Nova York - Em sua primeira aparição pública desde que o Talibã do Paquistão tentou matá-la por defender o direito de meninas à educação, Malala Yousafzai comemorou seu aniversário de 16 anos, ontem, na Organização das Nações Unidas, que declarou o 12 de julho como o ‘Dia de Malala’. Em discurso emocionante, pediu educação obrigatória gratuita para todas as crianças do mundo. E deu um recado corajoso: “O Talibã fracassou em tentar nos calar.”

“Não é o meu dia. É um dia de toda mulher, toda jovem, toda pessoa que luta pelos seus direitos”, declarou, diante do secretário-geral da ONU, Ban Ki-moon, e de quase mil estudantes do mundo na sede da ONU, em Nova York. Segundo ela, a educação é a única maneira de melhorar vidas. “Vamos pegar nossos livros e canetas. São nossas armas mais poderosas.”

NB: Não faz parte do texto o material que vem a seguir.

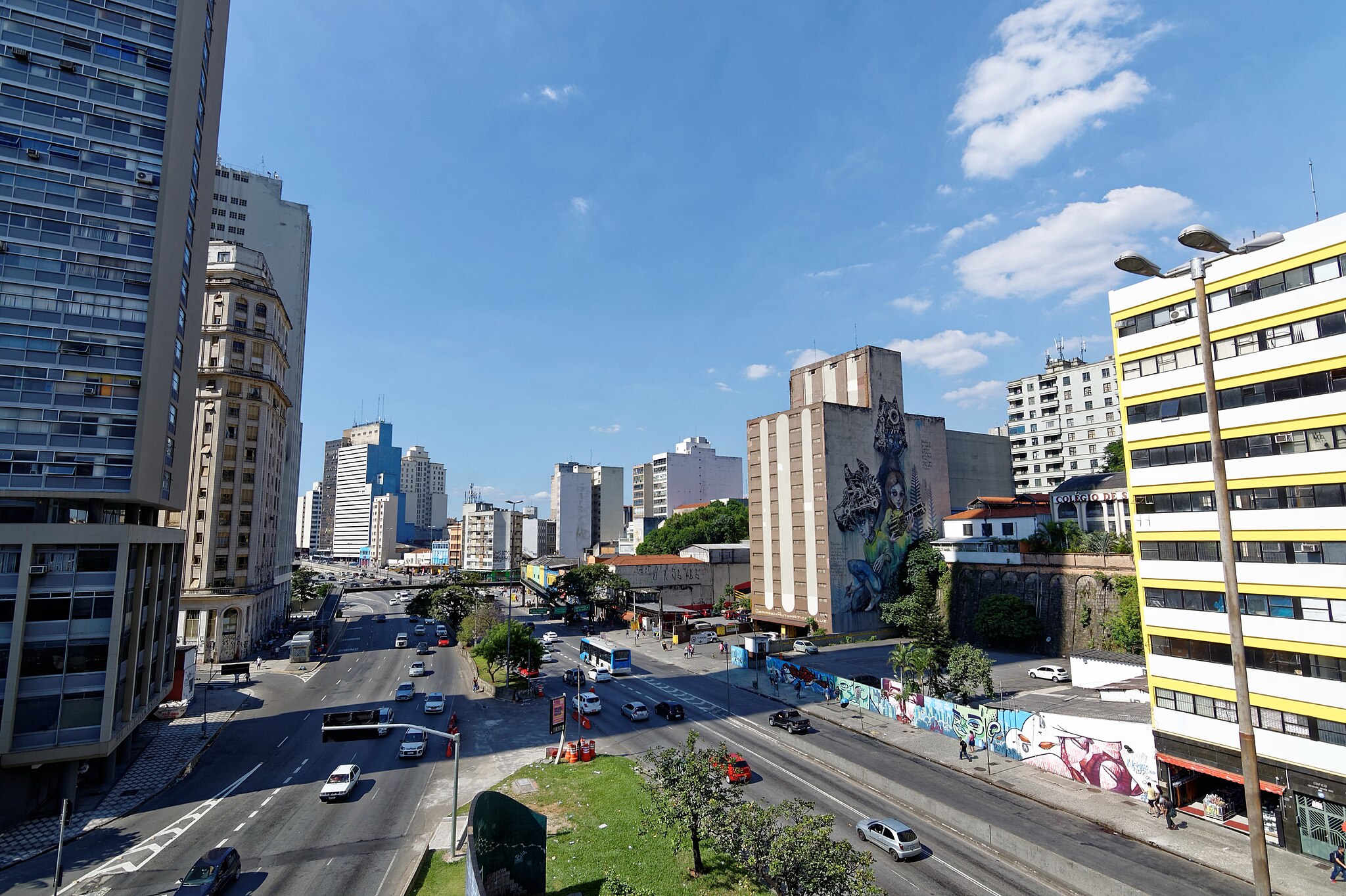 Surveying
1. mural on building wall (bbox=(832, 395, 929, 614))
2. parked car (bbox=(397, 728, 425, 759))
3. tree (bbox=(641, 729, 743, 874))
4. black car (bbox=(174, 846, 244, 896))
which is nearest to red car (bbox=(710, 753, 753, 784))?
tree (bbox=(641, 729, 743, 874))

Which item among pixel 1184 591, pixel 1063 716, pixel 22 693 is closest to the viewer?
pixel 1184 591

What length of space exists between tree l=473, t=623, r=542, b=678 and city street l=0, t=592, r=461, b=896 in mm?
8988

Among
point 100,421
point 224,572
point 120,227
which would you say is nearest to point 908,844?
point 100,421

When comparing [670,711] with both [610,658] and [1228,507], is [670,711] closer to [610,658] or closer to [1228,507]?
[610,658]

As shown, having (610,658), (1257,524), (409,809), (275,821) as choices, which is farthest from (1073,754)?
(610,658)

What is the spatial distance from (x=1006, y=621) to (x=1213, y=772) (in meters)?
39.7

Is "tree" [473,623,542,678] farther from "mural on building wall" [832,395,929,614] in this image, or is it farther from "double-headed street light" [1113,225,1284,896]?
"double-headed street light" [1113,225,1284,896]

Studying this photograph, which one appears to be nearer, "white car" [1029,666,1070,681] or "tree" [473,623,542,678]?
"white car" [1029,666,1070,681]

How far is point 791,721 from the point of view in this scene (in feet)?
148

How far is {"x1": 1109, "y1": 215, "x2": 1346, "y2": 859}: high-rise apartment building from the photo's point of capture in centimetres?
2569

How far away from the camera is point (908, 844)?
26234 mm

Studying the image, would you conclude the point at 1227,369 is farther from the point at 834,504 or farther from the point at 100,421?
the point at 100,421

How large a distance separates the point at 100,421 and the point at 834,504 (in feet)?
Answer: 226

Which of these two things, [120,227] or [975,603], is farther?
[975,603] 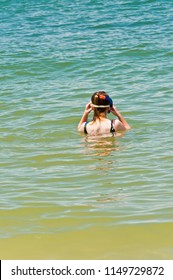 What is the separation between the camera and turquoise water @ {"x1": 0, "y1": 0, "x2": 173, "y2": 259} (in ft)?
23.3

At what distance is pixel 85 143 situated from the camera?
1154 cm

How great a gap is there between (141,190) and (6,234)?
198cm

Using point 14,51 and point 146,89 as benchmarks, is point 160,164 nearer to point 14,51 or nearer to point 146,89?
point 146,89

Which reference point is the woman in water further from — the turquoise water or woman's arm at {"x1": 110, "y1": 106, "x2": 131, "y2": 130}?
the turquoise water

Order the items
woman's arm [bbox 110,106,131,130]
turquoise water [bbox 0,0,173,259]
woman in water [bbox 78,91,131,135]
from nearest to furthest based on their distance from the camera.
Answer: turquoise water [bbox 0,0,173,259] < woman in water [bbox 78,91,131,135] < woman's arm [bbox 110,106,131,130]

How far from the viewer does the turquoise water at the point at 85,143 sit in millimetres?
7113

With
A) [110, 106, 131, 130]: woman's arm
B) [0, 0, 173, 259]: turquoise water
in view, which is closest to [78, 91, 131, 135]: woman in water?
[110, 106, 131, 130]: woman's arm

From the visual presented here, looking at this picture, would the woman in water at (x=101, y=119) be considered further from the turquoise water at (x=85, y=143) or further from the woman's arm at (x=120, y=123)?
the turquoise water at (x=85, y=143)

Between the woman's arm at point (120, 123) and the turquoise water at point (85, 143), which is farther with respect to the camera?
the woman's arm at point (120, 123)

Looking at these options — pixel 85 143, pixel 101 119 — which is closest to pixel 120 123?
pixel 101 119

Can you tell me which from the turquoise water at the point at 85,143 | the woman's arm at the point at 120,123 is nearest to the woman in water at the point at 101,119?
the woman's arm at the point at 120,123

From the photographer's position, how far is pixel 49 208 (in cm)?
795

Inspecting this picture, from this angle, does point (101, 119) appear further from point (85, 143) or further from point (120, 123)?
point (85, 143)

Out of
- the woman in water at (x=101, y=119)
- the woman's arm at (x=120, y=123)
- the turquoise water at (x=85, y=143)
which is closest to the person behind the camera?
the turquoise water at (x=85, y=143) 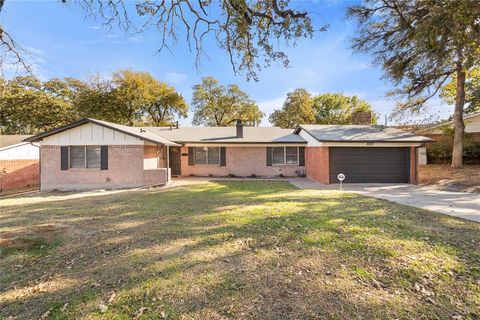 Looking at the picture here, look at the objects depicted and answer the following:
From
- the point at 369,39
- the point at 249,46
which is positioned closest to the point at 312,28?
the point at 249,46

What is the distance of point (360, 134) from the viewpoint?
13.7 metres

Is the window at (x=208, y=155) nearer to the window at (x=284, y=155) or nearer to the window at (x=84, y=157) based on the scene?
the window at (x=284, y=155)

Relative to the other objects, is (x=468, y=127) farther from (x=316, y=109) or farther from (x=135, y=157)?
(x=135, y=157)

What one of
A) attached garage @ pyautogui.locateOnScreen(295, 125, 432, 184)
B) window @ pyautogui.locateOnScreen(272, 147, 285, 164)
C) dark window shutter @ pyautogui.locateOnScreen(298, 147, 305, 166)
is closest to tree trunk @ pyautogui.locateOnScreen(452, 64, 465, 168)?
attached garage @ pyautogui.locateOnScreen(295, 125, 432, 184)

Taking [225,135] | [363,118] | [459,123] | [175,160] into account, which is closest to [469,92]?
[459,123]

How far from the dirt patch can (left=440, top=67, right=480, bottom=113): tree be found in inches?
1037

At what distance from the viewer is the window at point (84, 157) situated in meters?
13.1

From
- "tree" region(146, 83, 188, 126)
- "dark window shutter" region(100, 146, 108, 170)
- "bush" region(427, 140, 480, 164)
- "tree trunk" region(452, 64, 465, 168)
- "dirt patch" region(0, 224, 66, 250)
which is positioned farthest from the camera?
"tree" region(146, 83, 188, 126)

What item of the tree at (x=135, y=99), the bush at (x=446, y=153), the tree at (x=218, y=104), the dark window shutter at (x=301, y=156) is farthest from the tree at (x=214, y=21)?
the tree at (x=218, y=104)

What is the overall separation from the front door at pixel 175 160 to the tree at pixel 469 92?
2246 cm

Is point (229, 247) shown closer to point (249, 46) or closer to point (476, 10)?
point (249, 46)

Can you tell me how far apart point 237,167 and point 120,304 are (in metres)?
14.2

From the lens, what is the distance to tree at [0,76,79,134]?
26.9 m

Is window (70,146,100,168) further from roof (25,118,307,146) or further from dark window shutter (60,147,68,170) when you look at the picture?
roof (25,118,307,146) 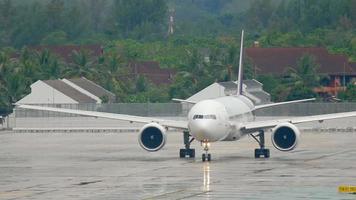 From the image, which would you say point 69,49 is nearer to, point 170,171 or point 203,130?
point 203,130

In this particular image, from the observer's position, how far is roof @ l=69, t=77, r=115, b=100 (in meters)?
116

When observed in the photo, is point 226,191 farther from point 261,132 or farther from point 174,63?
point 174,63

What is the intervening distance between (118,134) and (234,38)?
8228 cm

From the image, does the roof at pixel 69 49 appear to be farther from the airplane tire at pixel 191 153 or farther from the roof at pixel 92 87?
the airplane tire at pixel 191 153

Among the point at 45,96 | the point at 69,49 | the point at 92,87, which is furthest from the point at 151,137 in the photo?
the point at 69,49

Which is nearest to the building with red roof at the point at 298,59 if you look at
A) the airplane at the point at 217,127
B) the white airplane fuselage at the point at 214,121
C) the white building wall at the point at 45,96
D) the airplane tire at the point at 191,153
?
the white building wall at the point at 45,96

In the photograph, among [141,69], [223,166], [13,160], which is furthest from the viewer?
[141,69]

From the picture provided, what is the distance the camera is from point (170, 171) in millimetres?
53531

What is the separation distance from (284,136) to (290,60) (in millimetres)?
81994

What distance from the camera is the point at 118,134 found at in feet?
285

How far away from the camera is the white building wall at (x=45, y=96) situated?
11019 cm

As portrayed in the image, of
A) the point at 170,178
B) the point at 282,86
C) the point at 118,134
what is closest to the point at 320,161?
the point at 170,178

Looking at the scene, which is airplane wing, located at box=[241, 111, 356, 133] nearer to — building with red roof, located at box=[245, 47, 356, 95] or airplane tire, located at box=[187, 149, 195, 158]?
airplane tire, located at box=[187, 149, 195, 158]

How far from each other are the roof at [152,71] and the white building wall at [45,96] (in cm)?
3478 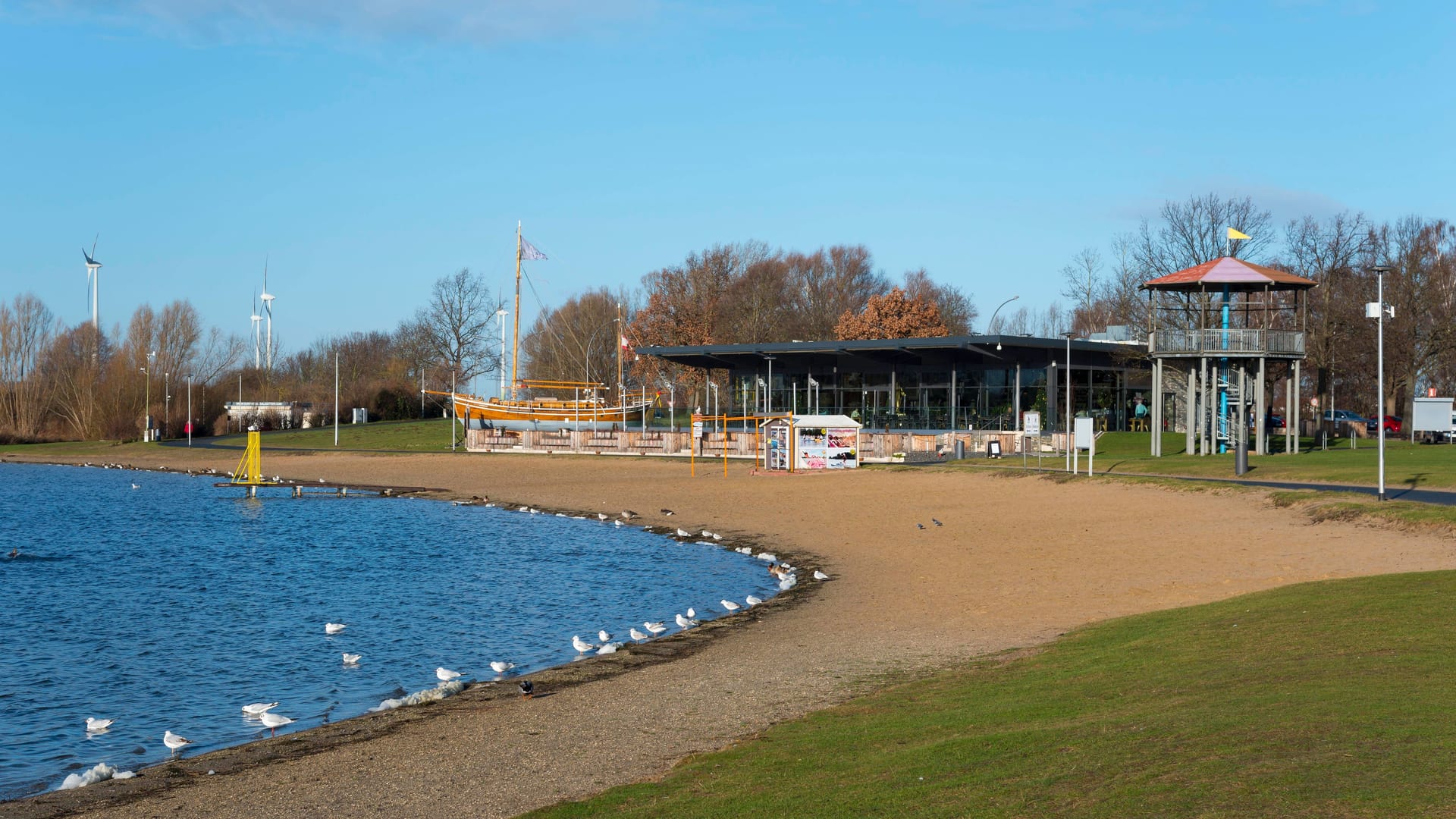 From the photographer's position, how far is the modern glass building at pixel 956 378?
65.1 m

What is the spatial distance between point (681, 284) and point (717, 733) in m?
93.9

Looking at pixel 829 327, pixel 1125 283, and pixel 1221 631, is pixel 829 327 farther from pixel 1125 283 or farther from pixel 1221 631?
pixel 1221 631

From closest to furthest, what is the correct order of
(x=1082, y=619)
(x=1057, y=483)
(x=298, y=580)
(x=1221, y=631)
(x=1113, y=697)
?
(x=1113, y=697), (x=1221, y=631), (x=1082, y=619), (x=298, y=580), (x=1057, y=483)

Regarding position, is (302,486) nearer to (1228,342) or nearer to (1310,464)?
(1228,342)

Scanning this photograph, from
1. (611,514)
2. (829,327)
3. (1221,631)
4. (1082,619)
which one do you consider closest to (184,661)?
(1082,619)

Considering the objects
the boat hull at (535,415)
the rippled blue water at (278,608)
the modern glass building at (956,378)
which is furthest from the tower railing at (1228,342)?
the boat hull at (535,415)

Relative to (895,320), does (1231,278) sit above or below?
below

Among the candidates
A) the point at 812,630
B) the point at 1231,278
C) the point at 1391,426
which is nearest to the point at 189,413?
the point at 1231,278

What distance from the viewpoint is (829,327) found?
363 feet

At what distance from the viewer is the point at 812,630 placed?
19.0 m

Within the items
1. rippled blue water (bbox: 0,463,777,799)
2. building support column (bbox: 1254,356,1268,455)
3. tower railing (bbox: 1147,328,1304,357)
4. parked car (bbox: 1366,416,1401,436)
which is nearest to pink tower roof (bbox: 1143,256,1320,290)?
tower railing (bbox: 1147,328,1304,357)

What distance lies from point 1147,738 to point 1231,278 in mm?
43940

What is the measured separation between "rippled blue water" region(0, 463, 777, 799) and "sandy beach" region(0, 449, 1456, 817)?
6.01ft

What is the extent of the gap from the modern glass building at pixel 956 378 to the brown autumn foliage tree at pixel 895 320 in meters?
18.2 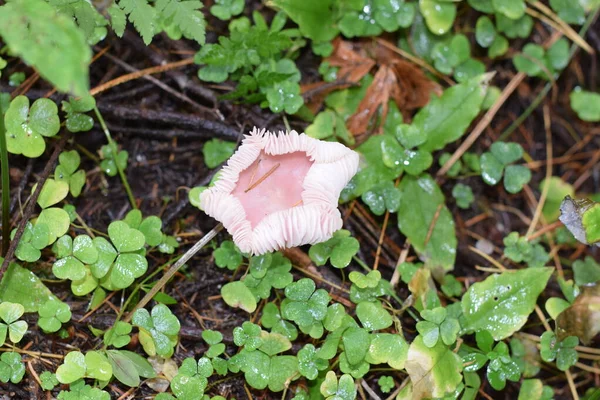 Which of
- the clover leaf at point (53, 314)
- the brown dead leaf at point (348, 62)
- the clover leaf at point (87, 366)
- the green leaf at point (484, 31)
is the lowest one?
the clover leaf at point (87, 366)

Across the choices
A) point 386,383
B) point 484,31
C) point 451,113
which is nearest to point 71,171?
point 386,383

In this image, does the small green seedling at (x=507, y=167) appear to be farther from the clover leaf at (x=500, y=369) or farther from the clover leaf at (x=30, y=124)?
the clover leaf at (x=30, y=124)

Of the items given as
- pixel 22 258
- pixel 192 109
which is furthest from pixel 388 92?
pixel 22 258

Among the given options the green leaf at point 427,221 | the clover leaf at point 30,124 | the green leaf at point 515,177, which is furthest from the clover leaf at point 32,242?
the green leaf at point 515,177

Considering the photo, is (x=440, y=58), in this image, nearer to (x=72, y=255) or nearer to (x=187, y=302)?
(x=187, y=302)

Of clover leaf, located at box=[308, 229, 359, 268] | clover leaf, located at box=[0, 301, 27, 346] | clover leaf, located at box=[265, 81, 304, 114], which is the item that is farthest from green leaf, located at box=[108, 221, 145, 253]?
clover leaf, located at box=[265, 81, 304, 114]

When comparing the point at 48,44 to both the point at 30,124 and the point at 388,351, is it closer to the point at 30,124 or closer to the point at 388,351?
the point at 30,124

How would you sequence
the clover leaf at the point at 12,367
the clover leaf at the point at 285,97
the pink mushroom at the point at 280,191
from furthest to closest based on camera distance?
the clover leaf at the point at 285,97 → the clover leaf at the point at 12,367 → the pink mushroom at the point at 280,191
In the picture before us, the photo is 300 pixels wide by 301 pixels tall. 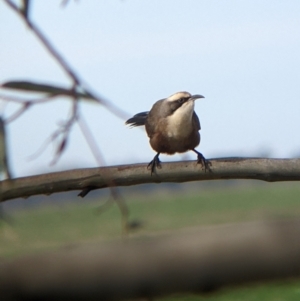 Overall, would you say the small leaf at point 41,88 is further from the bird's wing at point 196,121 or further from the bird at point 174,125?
the bird's wing at point 196,121

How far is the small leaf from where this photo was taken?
3.51ft

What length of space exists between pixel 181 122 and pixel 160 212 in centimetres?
3014

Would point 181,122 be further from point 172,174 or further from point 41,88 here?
point 41,88

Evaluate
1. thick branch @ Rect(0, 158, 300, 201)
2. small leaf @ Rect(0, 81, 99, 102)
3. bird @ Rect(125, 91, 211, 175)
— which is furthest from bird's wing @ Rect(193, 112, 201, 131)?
small leaf @ Rect(0, 81, 99, 102)

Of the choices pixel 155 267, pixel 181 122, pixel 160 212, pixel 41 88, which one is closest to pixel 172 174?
pixel 155 267

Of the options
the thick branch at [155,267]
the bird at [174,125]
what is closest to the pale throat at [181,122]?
the bird at [174,125]

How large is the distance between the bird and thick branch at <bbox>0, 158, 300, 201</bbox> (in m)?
1.76

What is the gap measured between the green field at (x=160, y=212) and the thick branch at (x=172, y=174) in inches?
744

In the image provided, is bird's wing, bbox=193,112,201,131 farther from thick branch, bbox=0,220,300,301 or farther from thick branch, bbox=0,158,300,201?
thick branch, bbox=0,220,300,301

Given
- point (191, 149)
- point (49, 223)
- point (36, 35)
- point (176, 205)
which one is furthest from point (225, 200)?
point (36, 35)

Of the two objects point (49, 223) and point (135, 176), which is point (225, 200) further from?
point (135, 176)

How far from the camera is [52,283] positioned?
1.41m

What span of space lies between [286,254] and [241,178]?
0.85 feet

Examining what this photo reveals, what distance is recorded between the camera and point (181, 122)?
3615 millimetres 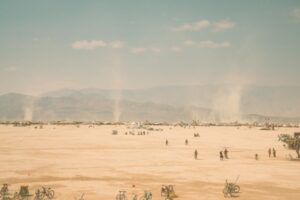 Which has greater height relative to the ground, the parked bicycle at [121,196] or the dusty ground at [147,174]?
the dusty ground at [147,174]

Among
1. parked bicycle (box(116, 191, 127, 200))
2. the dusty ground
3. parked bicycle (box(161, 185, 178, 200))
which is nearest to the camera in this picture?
parked bicycle (box(116, 191, 127, 200))

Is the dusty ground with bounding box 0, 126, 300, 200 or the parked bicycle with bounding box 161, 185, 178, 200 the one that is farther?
the dusty ground with bounding box 0, 126, 300, 200

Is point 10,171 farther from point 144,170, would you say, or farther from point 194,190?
point 194,190

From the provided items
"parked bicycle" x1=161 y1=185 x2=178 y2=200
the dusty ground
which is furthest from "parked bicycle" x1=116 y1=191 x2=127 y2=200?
"parked bicycle" x1=161 y1=185 x2=178 y2=200

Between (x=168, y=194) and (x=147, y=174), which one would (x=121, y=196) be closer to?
(x=168, y=194)

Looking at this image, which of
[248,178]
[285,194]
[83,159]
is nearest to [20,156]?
[83,159]

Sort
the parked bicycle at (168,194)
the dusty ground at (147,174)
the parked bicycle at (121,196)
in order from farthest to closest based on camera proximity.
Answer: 1. the dusty ground at (147,174)
2. the parked bicycle at (168,194)
3. the parked bicycle at (121,196)

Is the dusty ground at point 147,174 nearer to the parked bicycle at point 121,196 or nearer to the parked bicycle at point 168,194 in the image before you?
the parked bicycle at point 168,194

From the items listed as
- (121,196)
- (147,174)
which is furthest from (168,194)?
(147,174)

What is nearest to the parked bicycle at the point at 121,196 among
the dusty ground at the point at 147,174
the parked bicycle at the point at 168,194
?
the dusty ground at the point at 147,174

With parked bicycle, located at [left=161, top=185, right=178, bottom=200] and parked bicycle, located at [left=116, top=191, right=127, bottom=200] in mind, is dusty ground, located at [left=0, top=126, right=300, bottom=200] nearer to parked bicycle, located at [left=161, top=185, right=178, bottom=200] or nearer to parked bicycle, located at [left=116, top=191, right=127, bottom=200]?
parked bicycle, located at [left=161, top=185, right=178, bottom=200]

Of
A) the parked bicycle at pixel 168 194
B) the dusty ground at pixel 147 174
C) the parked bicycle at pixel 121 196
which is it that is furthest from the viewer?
the dusty ground at pixel 147 174

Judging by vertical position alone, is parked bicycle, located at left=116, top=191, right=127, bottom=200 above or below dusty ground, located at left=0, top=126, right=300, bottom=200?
below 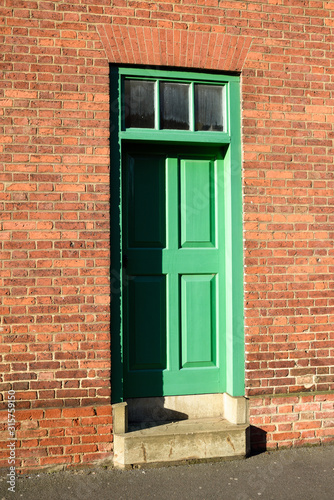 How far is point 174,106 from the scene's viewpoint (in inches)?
177

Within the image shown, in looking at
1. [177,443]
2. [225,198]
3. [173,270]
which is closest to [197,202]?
[225,198]

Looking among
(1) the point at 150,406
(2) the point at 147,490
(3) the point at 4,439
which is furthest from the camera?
(1) the point at 150,406

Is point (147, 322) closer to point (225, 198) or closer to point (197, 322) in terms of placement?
point (197, 322)

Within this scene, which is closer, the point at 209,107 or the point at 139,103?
the point at 139,103

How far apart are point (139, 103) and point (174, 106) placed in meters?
0.32

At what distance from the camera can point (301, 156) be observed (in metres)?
4.57

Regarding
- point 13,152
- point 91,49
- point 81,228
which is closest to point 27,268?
point 81,228

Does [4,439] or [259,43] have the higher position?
[259,43]

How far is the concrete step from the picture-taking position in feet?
13.1

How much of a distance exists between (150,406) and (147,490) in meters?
0.86

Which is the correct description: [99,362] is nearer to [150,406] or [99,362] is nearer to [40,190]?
[150,406]

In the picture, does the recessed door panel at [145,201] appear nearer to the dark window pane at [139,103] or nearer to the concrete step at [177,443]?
the dark window pane at [139,103]

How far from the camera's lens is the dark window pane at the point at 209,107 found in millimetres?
4527

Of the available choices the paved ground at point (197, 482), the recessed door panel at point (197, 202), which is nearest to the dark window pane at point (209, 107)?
the recessed door panel at point (197, 202) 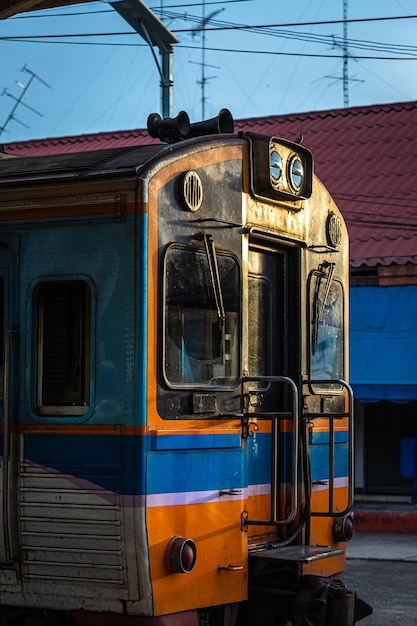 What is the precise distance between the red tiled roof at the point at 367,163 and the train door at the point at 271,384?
9.35m

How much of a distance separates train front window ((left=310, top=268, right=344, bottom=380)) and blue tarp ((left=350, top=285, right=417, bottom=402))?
27.6 ft

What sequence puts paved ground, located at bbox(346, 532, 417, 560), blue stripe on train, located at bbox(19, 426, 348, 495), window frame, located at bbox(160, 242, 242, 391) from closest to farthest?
blue stripe on train, located at bbox(19, 426, 348, 495) < window frame, located at bbox(160, 242, 242, 391) < paved ground, located at bbox(346, 532, 417, 560)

Malala levou um tiro na cabeça à queima-roupa, em outubro, quando saía da escola em Islamabad, capital do Paquistão, depois de fazer campanha contra os esforços do islamita Talibã de negar educação às mulheres. “Hoje, desejo educação para todas as crianças do Talibã, a todos os terroristas e extremistas”, disse a menina. O Paquistão tem 5 milhões de crianças fora da escola, número só inferior ao da Nigéria, que tem o dobro, diz a Unesco. A maioria é de meninas.

Malala foi tratada na Grã-Bretanha, onde médicos reconstituíram partes de seu crânio com placa de titânio, numa cirurgia que durou cinco horas. Sua audição, que ficou prejudicada, também passou por restauração. Incapaz de voltar em segurança ao Paquistão, frequenta escola no Reino Unido desde março.

Na cerimônia de ontem na ONU, Mala também aproveitou para agradecer pelas mensagens que recebeu de todo o mundo e estimulou os jovens a não desistirem de estudar.

Mesmo após a repercussão do ataque a Malala, várias estudantes paquistanesas foram alvo de ataques de radicais no país e no Afeganistão.